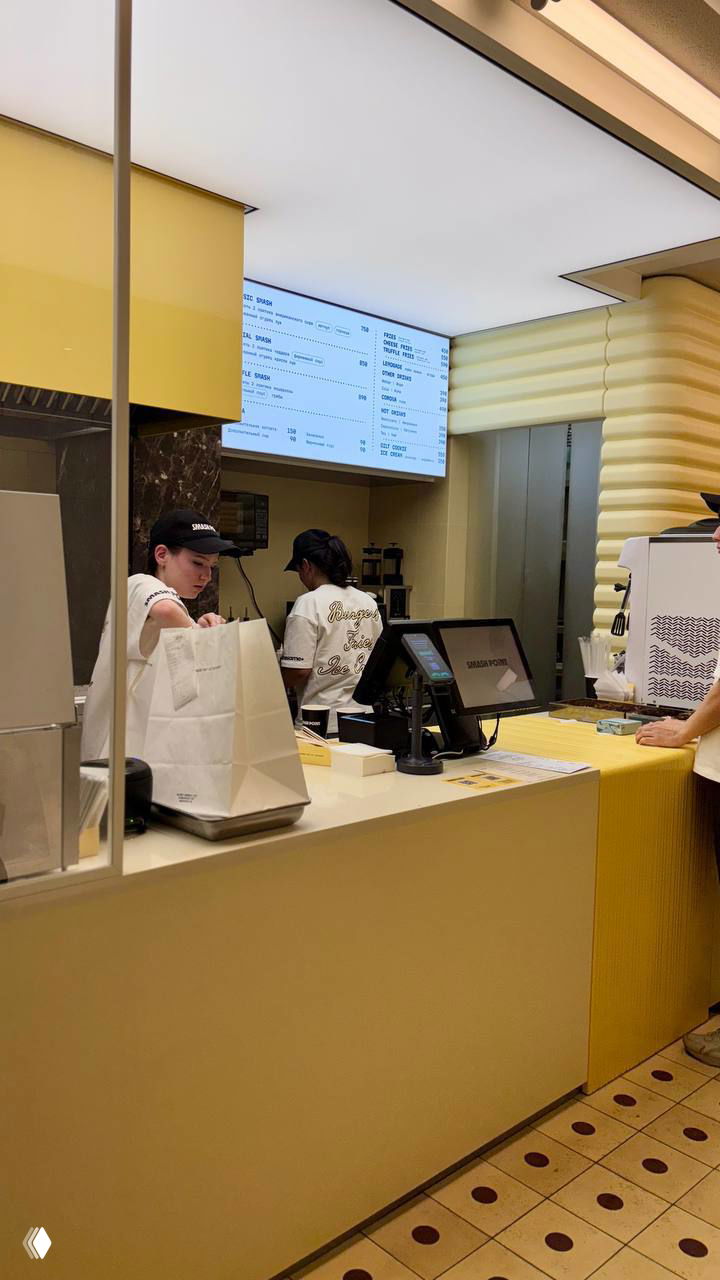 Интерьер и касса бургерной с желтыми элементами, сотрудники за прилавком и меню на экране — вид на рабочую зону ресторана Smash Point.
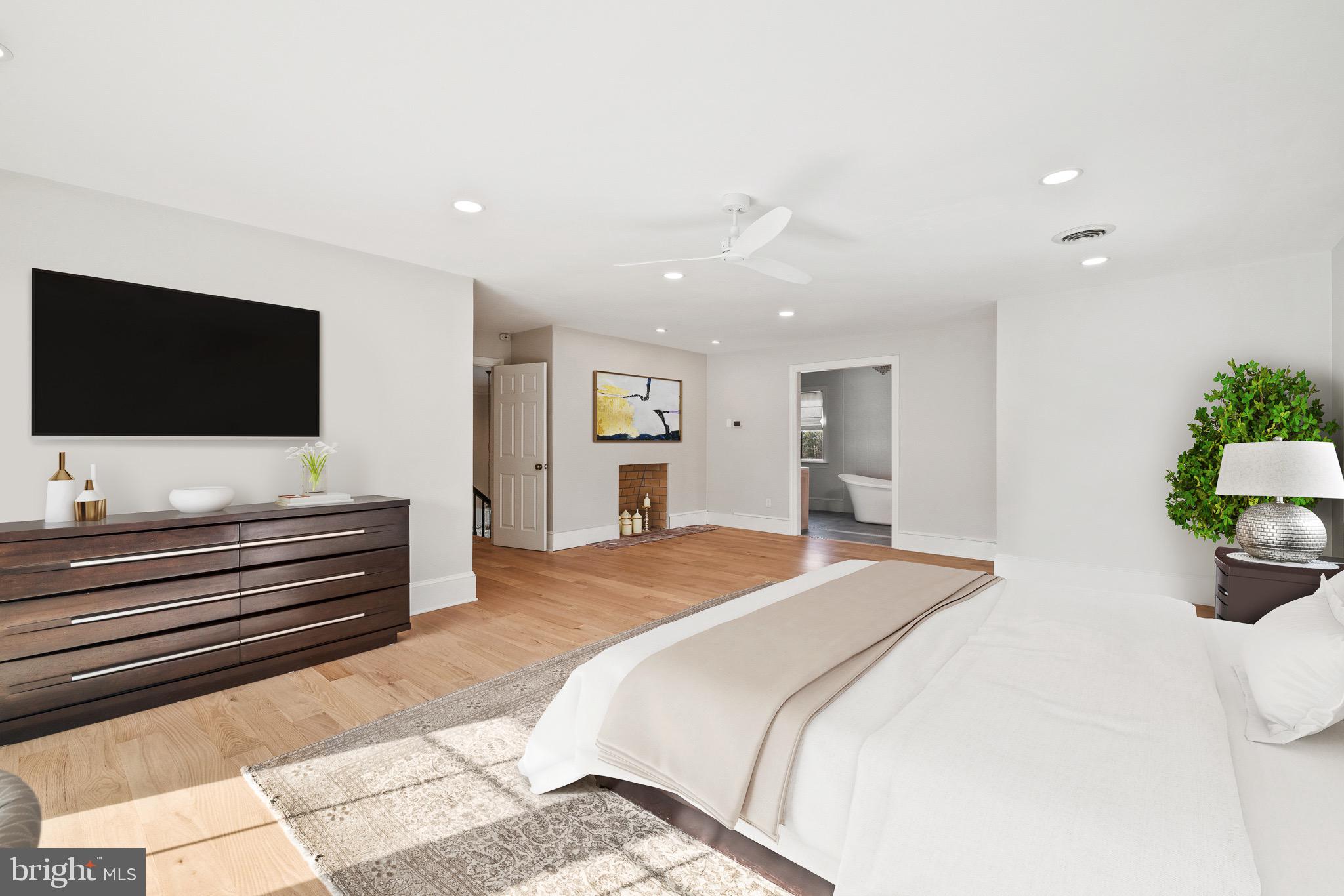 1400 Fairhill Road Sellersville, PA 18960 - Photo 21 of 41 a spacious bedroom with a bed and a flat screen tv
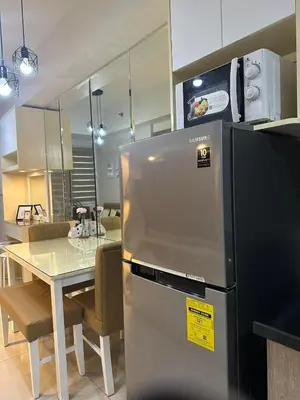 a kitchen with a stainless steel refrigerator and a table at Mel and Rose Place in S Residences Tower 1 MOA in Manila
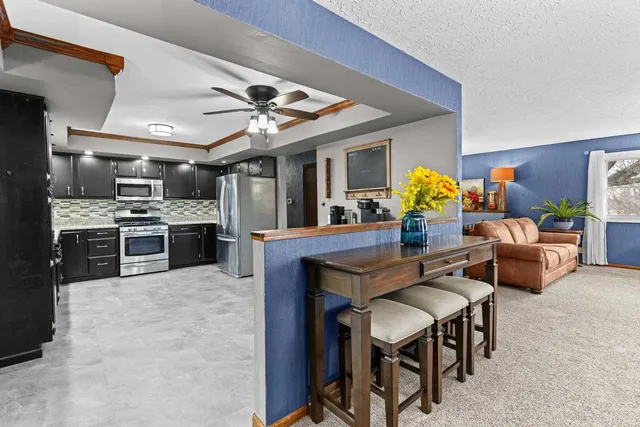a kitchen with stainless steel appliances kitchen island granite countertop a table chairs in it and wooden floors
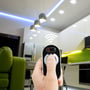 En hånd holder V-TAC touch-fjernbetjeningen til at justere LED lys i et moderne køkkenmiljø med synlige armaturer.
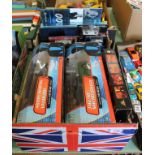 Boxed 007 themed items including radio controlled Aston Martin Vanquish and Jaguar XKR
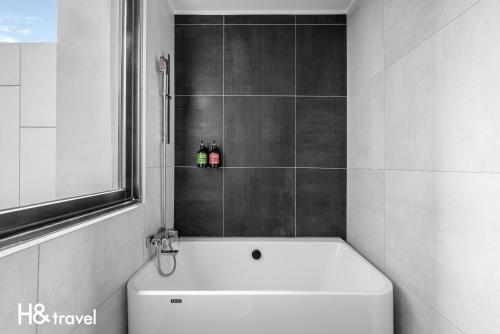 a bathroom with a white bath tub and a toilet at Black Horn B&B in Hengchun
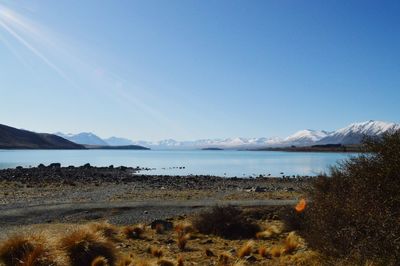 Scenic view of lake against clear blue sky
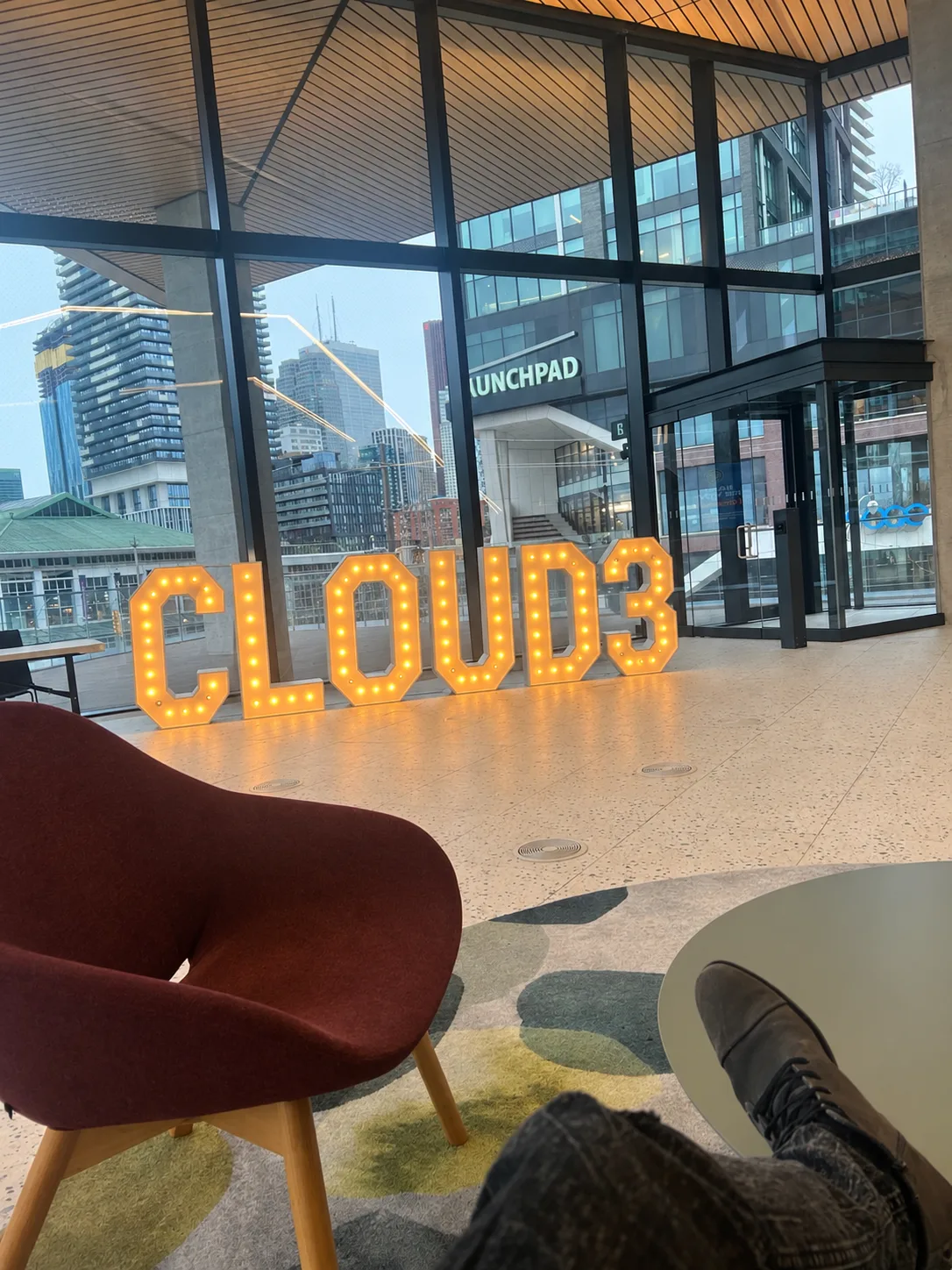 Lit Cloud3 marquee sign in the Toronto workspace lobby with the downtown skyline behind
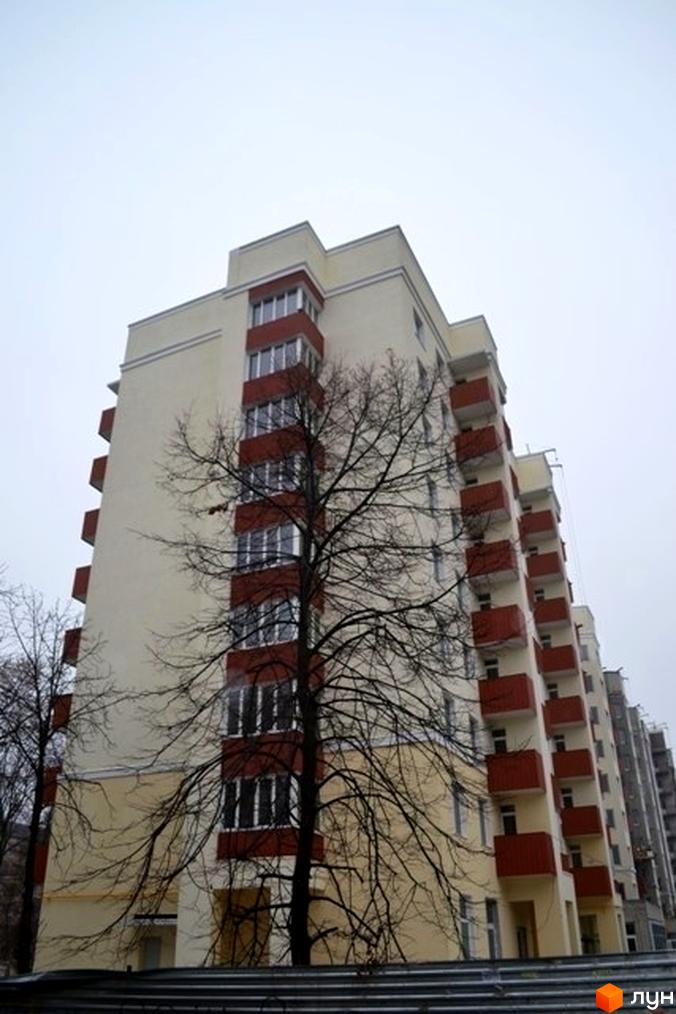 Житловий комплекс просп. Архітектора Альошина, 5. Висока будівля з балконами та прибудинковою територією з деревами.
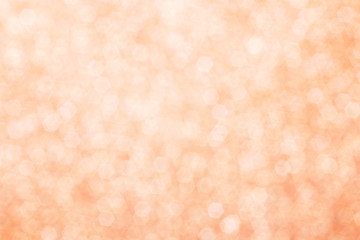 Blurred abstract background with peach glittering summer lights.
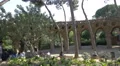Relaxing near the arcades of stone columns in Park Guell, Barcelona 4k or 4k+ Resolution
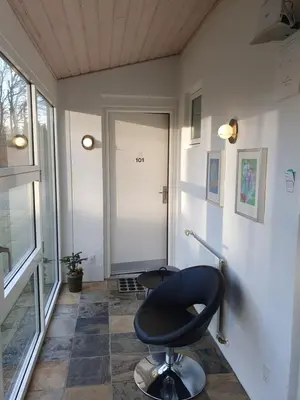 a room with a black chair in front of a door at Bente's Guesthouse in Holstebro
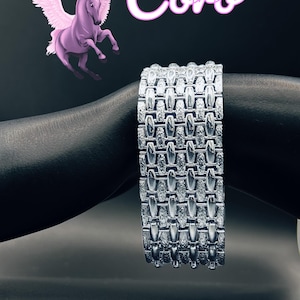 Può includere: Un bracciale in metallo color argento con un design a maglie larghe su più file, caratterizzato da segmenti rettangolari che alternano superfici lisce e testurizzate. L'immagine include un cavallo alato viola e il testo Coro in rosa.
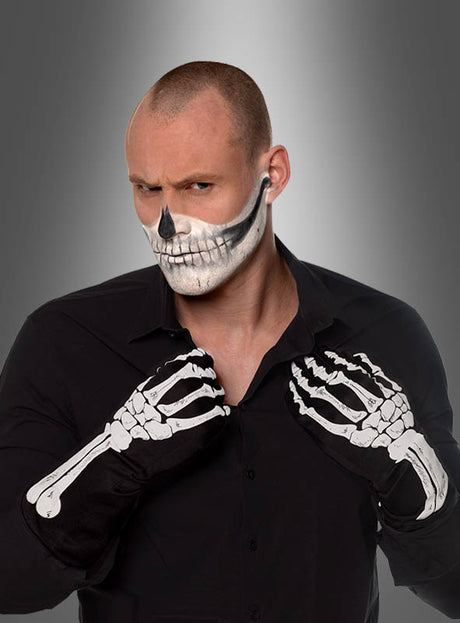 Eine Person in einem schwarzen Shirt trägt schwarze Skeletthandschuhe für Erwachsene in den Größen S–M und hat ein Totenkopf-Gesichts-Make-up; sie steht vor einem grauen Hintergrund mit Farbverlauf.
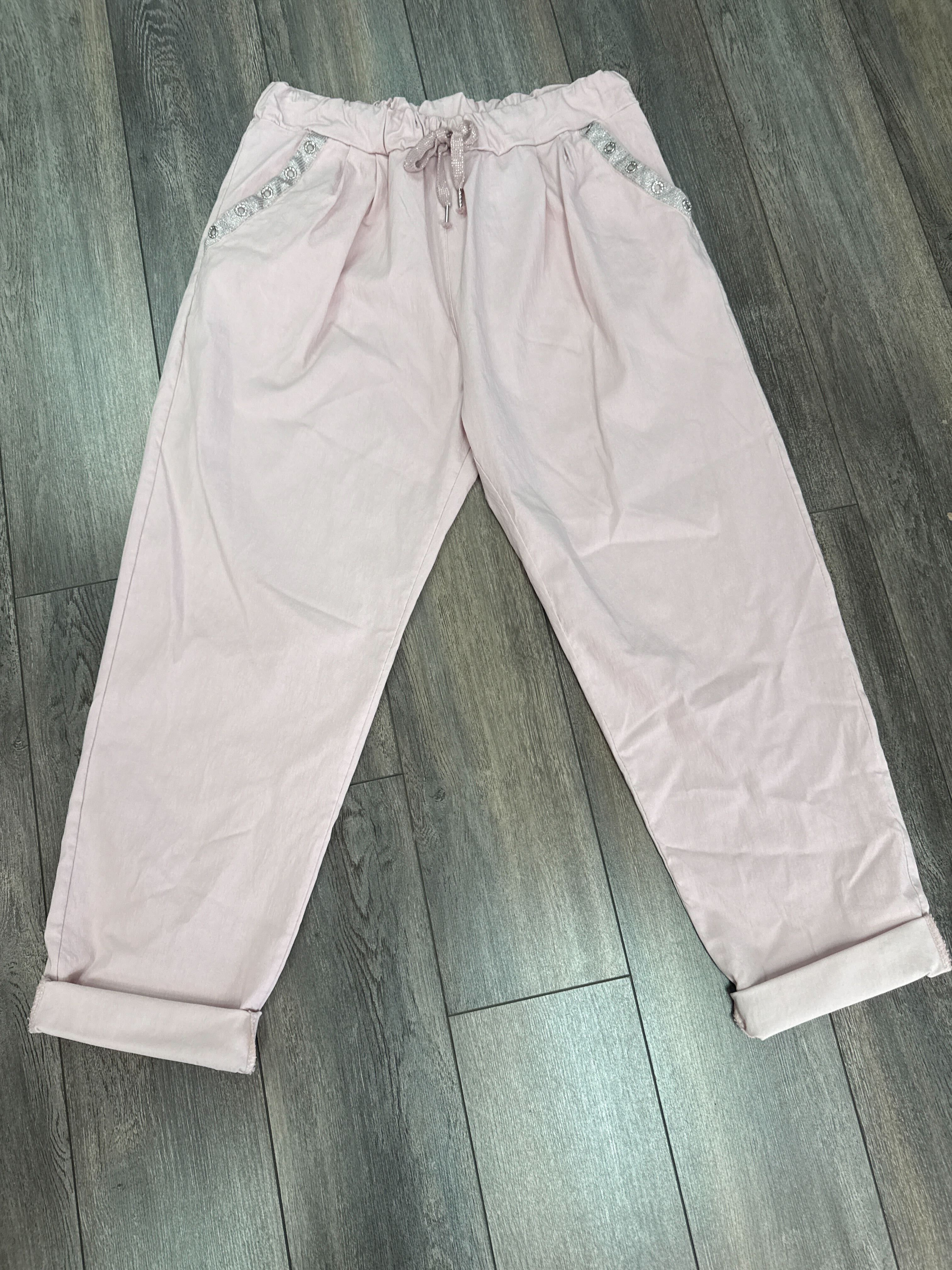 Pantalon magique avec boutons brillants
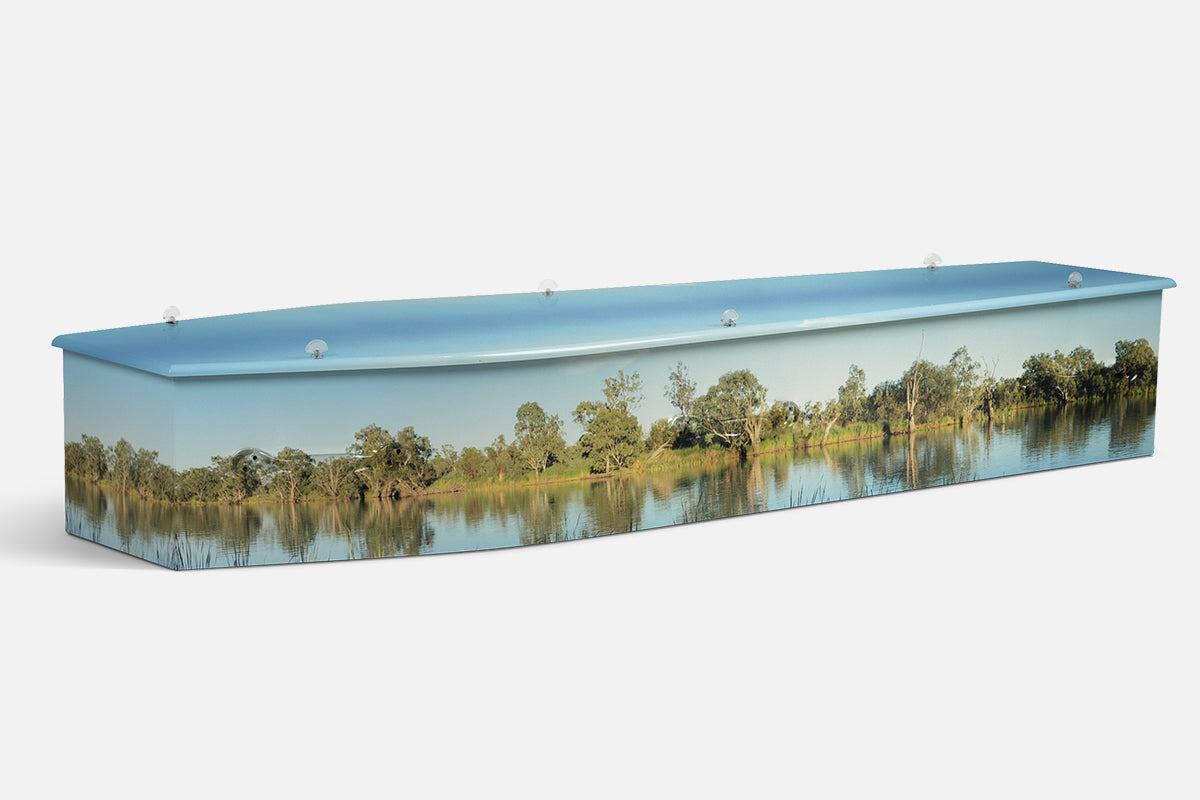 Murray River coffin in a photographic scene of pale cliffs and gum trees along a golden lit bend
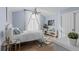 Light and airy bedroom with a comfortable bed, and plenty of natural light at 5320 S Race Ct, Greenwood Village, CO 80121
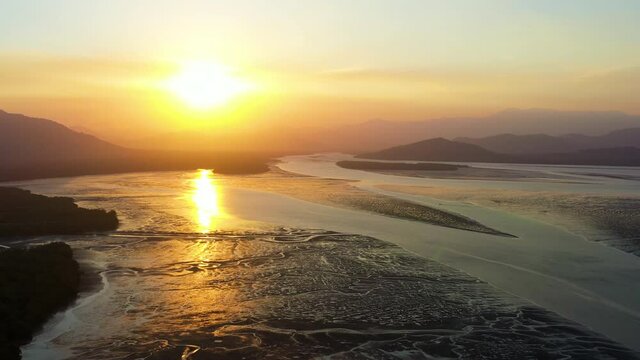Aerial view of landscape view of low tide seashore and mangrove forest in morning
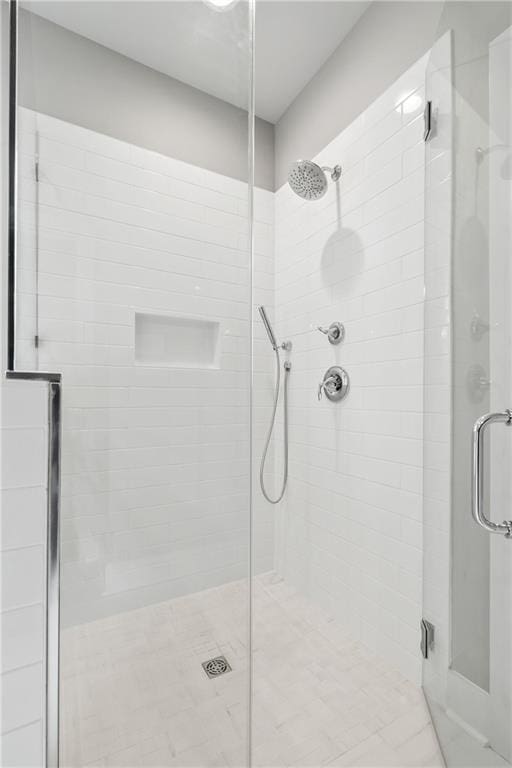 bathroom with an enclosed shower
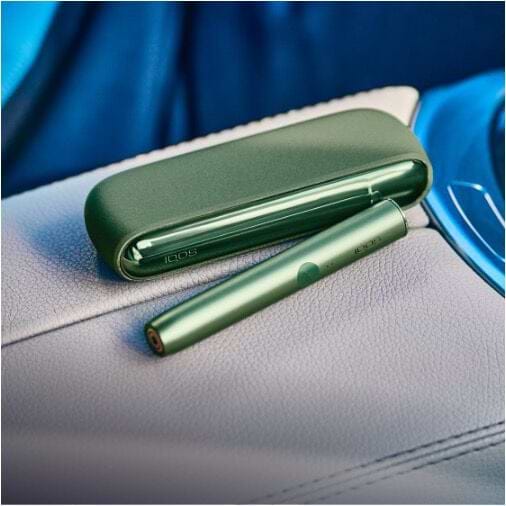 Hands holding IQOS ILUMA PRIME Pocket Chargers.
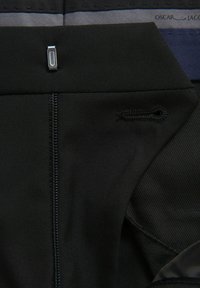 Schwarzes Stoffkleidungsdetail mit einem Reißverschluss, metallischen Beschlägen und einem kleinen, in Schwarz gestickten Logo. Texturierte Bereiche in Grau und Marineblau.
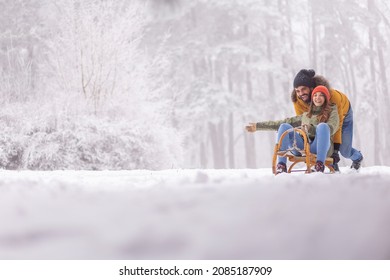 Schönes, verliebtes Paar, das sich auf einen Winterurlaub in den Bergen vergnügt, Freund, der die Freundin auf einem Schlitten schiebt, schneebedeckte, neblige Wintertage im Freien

• [Task instructions]:
Repeat, with no pictures, each line from the beginning of the data through the line containing "a bathroom with", inclusive.

• [Solution below]:
 Интерьер и касса бургерной с желтыми элементами, сотрудники за прилавком и меню на экране — вид на рабочую зону ресторана Smash Point.
 1400 Fairhill Road Sellersville, PA 18960 - Photo 21 of 41 a spacious bedroom with a bed and a flat screen tv
 a kitchen with a stainless steel refrigerator and a table at Mel and Rose Place in S Residences Tower 1 MOA in Manila
a kitchen with stainless steel appliances kitchen island granite countertop a table chairs in it and wooden floors
 En hånd holder V-TAC touch-fjernbetjeningen til at justere LED lys i et moderne køkkenmiljø med synlige armaturer.
 Boxed 007 themed items including radio controlled Aston Martin Vanquish and Jaguar XKR
 a bathroom with a white bath tub and a toilet at Black Horn B&B in Hengchun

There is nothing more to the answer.